Jackson was raised in Miami and attended Harvard Law School, later serving as a Supreme Court clerk for Breyer and representing criminal defendants who could not afford a lawyer.
She is likely to face sharp questioning from Republicans including Josh Hawley and Ted Cruz on issues such as crime and cases she took when representing criminal defendants.
Some senators also could question her on race issues, including whether she should participate in an upcoming case challenging Harvard University’s affirmative action admissions policy used to increase the number of Black and Hispanic students on campus. Jackson serves on the university’s Board of Overseers and has faced calls to recuse herself from the case.
A Reuters review of 25 racial discrimination cases in which Jackson issued substantive rulings as a federal district judge found that she ruled in favor of plaintiffs in only three of them.
Jackson’s nomination fulfils Biden’s 2020 campaign promise to name a Black woman to the court, a milestone he called long overdue.
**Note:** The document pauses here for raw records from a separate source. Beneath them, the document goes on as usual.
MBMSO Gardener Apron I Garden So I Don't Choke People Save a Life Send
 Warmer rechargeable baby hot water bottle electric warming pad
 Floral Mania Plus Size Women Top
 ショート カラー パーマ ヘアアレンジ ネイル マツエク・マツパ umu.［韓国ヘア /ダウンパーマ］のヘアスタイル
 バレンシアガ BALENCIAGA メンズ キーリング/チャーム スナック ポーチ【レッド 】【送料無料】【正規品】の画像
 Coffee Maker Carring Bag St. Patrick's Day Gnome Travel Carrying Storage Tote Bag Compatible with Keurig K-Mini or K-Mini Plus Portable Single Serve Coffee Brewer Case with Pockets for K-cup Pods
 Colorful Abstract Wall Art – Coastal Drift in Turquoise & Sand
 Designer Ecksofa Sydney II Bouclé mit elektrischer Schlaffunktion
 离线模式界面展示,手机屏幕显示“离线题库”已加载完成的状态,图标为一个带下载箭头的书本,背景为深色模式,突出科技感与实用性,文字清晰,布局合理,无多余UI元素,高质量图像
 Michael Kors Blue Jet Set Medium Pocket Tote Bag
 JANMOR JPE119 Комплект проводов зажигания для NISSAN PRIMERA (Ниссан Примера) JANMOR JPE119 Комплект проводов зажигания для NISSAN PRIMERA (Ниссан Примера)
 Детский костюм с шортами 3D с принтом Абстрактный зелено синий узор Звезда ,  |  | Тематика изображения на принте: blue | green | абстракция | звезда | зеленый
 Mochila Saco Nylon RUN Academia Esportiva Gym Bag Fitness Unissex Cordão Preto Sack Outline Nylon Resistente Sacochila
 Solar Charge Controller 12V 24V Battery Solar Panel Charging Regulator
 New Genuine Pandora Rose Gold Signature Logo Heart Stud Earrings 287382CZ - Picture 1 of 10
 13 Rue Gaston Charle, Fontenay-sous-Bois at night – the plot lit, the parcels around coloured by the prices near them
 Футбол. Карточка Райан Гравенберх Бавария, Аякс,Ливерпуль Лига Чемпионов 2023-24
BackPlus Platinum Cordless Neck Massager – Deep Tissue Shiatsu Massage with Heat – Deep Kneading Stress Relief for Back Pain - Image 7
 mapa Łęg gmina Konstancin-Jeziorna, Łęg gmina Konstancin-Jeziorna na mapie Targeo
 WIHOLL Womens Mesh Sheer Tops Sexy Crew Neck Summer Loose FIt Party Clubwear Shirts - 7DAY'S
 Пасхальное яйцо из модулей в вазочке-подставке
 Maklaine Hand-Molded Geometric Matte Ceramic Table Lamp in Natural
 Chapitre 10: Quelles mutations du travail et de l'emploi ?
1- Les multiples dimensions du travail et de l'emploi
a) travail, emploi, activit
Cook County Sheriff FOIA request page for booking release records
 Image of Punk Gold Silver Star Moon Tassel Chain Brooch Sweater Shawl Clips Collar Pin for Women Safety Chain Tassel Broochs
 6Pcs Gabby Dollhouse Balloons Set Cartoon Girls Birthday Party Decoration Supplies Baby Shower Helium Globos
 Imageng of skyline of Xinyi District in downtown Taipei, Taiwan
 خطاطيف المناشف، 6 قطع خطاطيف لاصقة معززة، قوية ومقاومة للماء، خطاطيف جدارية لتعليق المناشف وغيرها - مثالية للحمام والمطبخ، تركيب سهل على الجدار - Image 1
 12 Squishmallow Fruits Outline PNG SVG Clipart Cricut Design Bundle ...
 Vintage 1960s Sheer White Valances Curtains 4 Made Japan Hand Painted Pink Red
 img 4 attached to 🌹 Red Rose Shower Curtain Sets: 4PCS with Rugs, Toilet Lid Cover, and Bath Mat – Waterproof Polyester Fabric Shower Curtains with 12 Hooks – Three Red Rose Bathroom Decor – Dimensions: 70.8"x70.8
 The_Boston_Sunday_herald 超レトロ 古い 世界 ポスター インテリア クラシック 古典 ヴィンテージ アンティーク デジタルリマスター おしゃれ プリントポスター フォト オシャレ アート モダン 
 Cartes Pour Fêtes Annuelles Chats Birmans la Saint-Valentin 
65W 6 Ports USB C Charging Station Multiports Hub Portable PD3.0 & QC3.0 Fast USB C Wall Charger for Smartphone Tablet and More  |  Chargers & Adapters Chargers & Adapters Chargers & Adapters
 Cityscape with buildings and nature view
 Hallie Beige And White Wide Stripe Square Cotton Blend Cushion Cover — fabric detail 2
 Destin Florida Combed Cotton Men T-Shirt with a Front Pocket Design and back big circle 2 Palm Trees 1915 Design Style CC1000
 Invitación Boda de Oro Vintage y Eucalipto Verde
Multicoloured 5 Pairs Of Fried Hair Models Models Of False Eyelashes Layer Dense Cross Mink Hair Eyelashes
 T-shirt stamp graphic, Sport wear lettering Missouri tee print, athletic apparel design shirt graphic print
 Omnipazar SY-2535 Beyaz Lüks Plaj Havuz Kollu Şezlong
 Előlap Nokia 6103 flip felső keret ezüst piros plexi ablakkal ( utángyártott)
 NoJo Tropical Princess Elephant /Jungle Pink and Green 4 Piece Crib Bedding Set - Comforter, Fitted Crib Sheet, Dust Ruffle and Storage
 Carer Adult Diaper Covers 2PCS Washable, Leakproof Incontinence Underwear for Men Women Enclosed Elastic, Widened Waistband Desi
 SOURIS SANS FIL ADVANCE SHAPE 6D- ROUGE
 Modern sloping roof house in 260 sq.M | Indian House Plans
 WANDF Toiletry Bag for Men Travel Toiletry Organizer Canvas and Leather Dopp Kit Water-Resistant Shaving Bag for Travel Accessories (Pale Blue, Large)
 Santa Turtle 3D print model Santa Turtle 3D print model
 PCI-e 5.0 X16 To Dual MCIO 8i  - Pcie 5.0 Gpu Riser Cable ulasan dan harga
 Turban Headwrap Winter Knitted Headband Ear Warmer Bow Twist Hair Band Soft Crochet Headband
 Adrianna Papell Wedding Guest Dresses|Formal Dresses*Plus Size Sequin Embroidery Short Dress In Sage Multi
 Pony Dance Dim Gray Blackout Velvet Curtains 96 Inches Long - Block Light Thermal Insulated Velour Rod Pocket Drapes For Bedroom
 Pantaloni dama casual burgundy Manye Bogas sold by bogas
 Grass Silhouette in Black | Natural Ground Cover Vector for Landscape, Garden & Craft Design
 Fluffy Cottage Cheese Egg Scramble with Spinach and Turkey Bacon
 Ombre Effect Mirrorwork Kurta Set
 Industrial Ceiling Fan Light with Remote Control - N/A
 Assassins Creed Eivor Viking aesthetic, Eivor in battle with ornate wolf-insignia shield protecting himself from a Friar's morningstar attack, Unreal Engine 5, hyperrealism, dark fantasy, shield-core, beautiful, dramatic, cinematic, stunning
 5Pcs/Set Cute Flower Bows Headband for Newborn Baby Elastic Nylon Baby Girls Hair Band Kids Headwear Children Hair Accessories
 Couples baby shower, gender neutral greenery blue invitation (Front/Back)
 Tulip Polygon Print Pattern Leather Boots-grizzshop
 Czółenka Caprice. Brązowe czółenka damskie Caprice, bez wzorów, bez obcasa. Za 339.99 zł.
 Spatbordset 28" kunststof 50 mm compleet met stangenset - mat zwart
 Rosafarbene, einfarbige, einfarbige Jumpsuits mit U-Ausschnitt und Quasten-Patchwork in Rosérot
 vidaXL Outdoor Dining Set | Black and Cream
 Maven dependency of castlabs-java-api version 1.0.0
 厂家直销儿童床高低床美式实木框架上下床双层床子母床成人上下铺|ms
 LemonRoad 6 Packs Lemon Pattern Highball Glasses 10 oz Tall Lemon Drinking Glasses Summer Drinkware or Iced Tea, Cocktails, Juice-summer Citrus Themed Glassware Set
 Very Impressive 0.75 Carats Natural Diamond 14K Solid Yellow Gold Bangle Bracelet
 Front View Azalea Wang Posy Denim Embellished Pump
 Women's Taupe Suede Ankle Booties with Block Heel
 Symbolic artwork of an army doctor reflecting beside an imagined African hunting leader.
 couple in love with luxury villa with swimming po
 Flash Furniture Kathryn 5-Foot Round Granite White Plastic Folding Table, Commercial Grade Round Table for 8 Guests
If confirmed, she would be the third Black justice, following Clarence Thomas, appointed in 1991 and still serving, and Thurgood Marshall, who retired in 1991 and died in 1993.
The Supreme Court said on Sunday that Thomas was hospitalized in Washington on Friday with an infection, although it added that he was being treated with intravenous antiobiotics and expected to be released in a day or two.
Jackson also would become the sixth woman to serve on the Supreme Court, which currently has three female justices – Amy Coney Barrett, Elena Kagan and Sonia Sotomayor.
Jackson’s nomination has been backed by prominent lawyers from across the ideological spectrum, civil rights groups and law enforcement organizations including the National Fraternal Order of Police, which represents rank-and-file officers.
Democrats narrowly control the Senate, which has the task of deciding whether to confirm a president’s judicial appointments. The Senate is divided 50-50 between the two parties, with Biden’s fellow Democrats controlling it because Vice President Kamala Harris can cast a tie-breaking vote.
A simple majority vote would be needed for Jackson’s confirmation, meaning she would get the job if all Democrats are united behind the nomination regardless of what Republicans do.
The court’s conservative majority has shown increased assertiveness, with rulings due in cases that could curb abortion rights and expand gun rights.
The confirmation hearing ends on Thursday with witnesses testifying about Jackson’s suitability for the job. The Judiciary Committee would then vote on the nomination in the coming weeks, followed by a final confirmation vote on the Senate floor. Breyer has said he would remain on the court until its current term ends, typically in late June.